In the intervening years, Dropbox went on to become the best-designed, easiest to use, and most intuitive cloud service on the planet. iCloud, by contrast, is so confusing it is common for users to not know what they're storing in it.

'Acquiring an established company with existing enterprise relationship and product features may be a better approach than internal development'

Hence, Moskowitz argues, Dropbox ought to be an acquisition target:

"In our view, acquiring an established company with existing enterprise relationship and product features may be a better approach than internal development because of the following reasons: 1) New asset(s) could provide quicker access to well-established enterprise account relationship with thousands of paying organizations and millions of enterprise paying users immediately. 2) Competitive product suites in enterprise cloud storage beyond just file storage, but also in premium features like collaboration, third-party app integration, and content analytics. 3) Much higher pricing upside compared to currently consumer-focused iCloud. 4) Potentially significant synergies for Apple.

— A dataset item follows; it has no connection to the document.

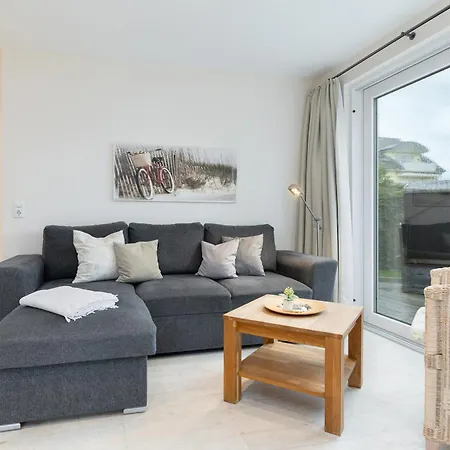 D4 - Haus Duenenpark Koenigsberger Allee 12 - Feriendomizil Hollich Vakantiehuis Grömitz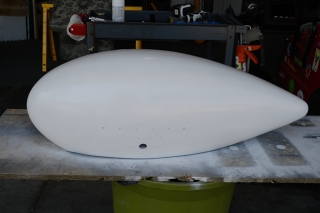 Main Shell Primed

Looking at the market landscape, relevant players in cloud-based storage/document management include Microsoft, Google, Dropbox, Box Inc, and OpenText, etc. While we don't believe Microsoft and Google will be giving up their OneDrive and G-Suite easily, companies such as Box Inc, Dropbox, and OpenText could provide some unique assets."

Dropbox was last valued as a private company at $10 billion. It has confidentially filed for an IPO that is expected to be worth much more than that. However, given Apple's vast foreign cash hoard, even if Dropbox was twice the price it would be well within Apple's range.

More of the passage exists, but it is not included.